When I was growing up in the 1960s, there were few options for careers for women. Or at least not in the social environment I grew up in. Overseas, the feminist movement was beginning to take off with images of women burning their bras flashed across the TV screens. The Australian media took a dim view of this behaviour with often salacious and derogatory comments across the front pages. This was, of course, the time of Robert Menzies and all things conservative.
The rights of women were still something to be shunted to the background, along with those of our Indigenous people and other minority groups. There was still an expectation that women’s work was secondary to that of a man’s and, of course, the only real destiny for a woman was to get married and have a family. Full stop.
Girls could either aspire to be a nurse or a teacher, both caring professions that were seen as suitable for those girls who had a chance of finishing high school. The bank was another option, or possibly the public service, but still these jobs came with the proviso that “you could always come back to them later, or if need be to somehow have part-time work that would fit in around the future family”. The concept of a meaningful career that would unleash your true potential, your chance to reach some form of self-actualisation would have been scoffed at as a ridiculous notion or one where you had ideas above your station.
There was also the underlying assumption that these were somehow ‘safe jobs’, a job for life and they came with the added bonus of a good superannuation scheme that would ensure a decent retirement.
As a young person, I thought both of those things were a strange concept to be concerned about but now I see the devastating effects of the loss of jobs and income on many Australians as we battle our way through a new world of coronavirus.

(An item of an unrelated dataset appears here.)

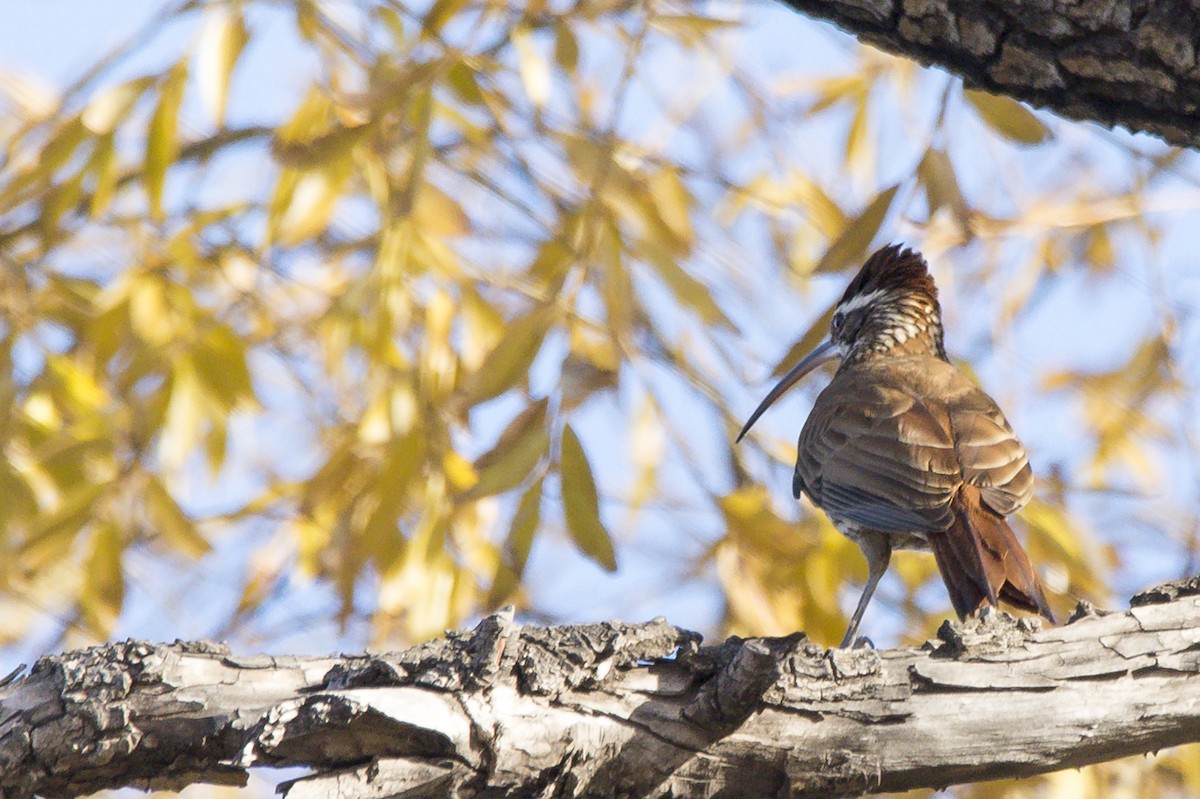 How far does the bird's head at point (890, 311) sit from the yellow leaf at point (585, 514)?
2236 mm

My parents grew up during the Depression and World War II and came to view the world through a lens affected by both poverty and devastation. They were a product of their time, their experiences and their generation. They valued security, and through the experiences of deprivation had tuned their aspiration to a level of comfort and contentment, rarely thinking to rock the boat or to question the social mores of their day. However, despite neither of them having the chance of a lengthy education, they wanted more for their children, as most parents do. For that I am extremely grateful.
My sister became a nurse and I a teacher and both of us have enjoyed fulfilling careers, though who knows what we may have chosen given a different generational outlook.
Now that the world is going through a major trauma event akin to war, I wonder what values will emerge in the future as we try to grapple with getting on with, at least for the moment, a new way of behaving.